Chateaubriand dit que Voltaire donna le meilleur quand il était soumis à la censure. Quand il écrit cet ouvrage, Voltaire a encore sa carrière à faire, il courtise Louis XV : quel meilleur moyen que de faire l’éloge de son arrière-grand-père ? Il est prudent sur le sujet religieux, beaucoup plus que dans l’Essai sur les mœurs, publié un peu plus tard, où il s’attelle à l’histoire du monde avec une érudition considérable, mais sans déguiser cette fois son hostilité à l’héritage juif et chrétien, juif encore plus que chrétien.
Il ne suffisait pas que Louis XIV ait eu un règne brillant sur le plan militaire et ait été contemporain d’un merveilleux épanouissement de la littérature et des arts, d’un raffinement sans égal des mœurs pour apparaître comme un roi hors-série. Il fallait que quelqu’un le dit et le dit magnifiquement. Ce fut Voltaire.
Rien qui ne soit connu aujourd’hui dans le portrait qu’il en dresse : non seulement homme d’autorité mais homme de goût et d’une politesse exquise en toutes circonstances, le contraire de l’image qu’on se fait aujourd’hui du tyran grossier et brutal.
Apte très jeune à s’entourer des meilleurs talents, il s’y fia peut-être trop. Il lui manqua, nous semble-t-il, cet art, difficile entre tous pour les gouvernants, de doubler les réseaux d’‘information officiels pour savoir ce que l’administration lui cache.

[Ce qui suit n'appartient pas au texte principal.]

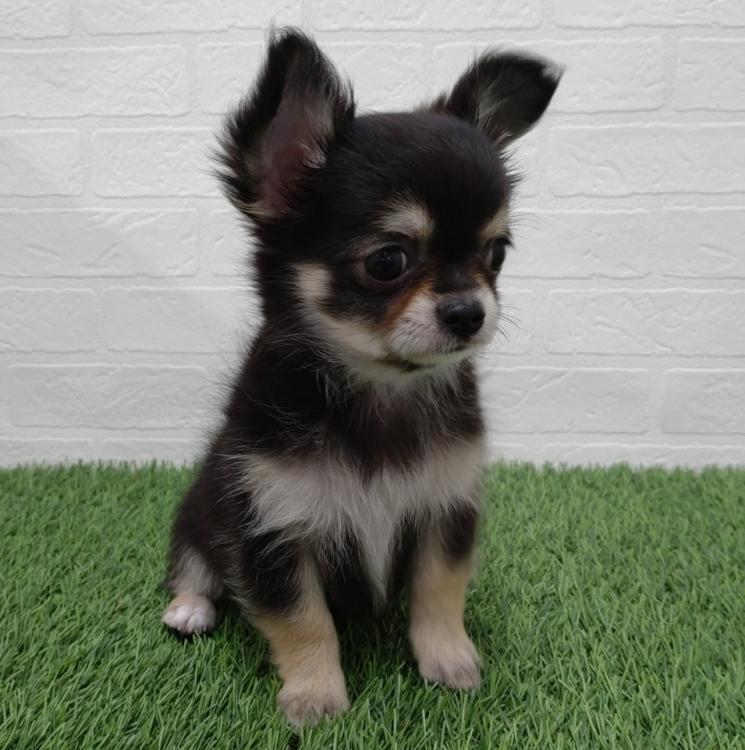 animal_image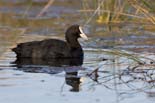090413_LT_Foulque_398__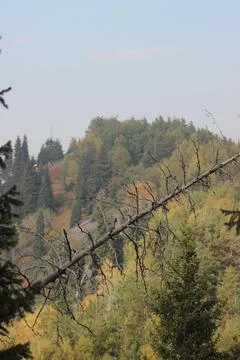A fallen tree Stock Photos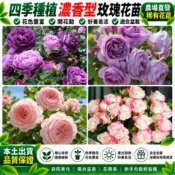 隔日達🌹玫瑰花苗🌹現貨 3寸盆花苗 基地直發 稀有玫瑰 帶葉出貨 陽台庭院花卉盆栽薔薇大花月季濃香耐寒室外植物四季開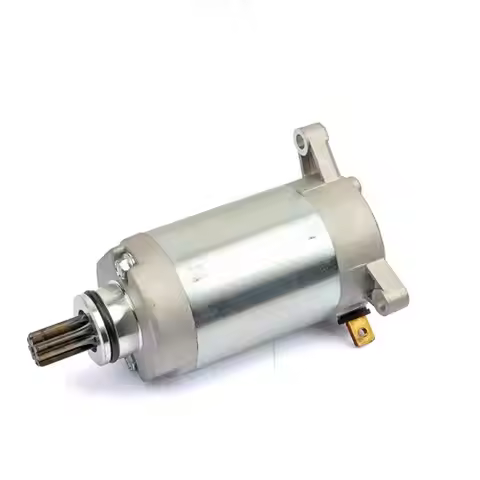 Motorcycle Starter Motor for Yamaha YBR 125 XT 125 XTZ 125 YBR 125cc 3D6-H1890-00-00 3D9-H1800-00-00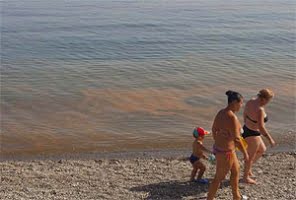 Orangefärgade fläckar i havet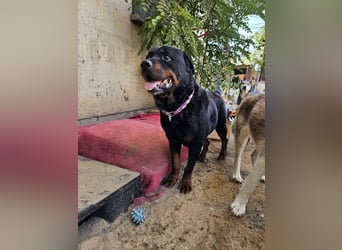 Amando, Rottweiler Rüde sucht eine Familie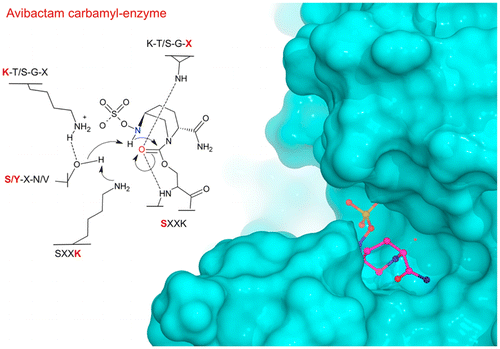 Molecular mechanism of avibactam-mediated β-lactamase inhibition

C’est ainsi qu’il fut gravement désinformé sur la résistance du protestantisme avant la Révocation de l’Edit de Nantes. L’autre grande faute que Voltaire, pourtant admirateur, rappelle, est naturellement le ravage du Palatinat, qu’une confiance aveugle en Louvois explique en partie.
J’avais étudié pour l’agrégation les guerres de Louis XIV sans à vrai dire y comprendre grand-chose. Chez Voltaire, grand pédagogue s’il en est, leur enchaînement est parfaitement lumineux.
La guerre, pour le grand roi, ne se sépare pas de l’amour : n’y partait-il pas au printemps comme en automne, on part à la chasse, tenant à ce que l’y accompagnassent les plus belles femmes de la cour ?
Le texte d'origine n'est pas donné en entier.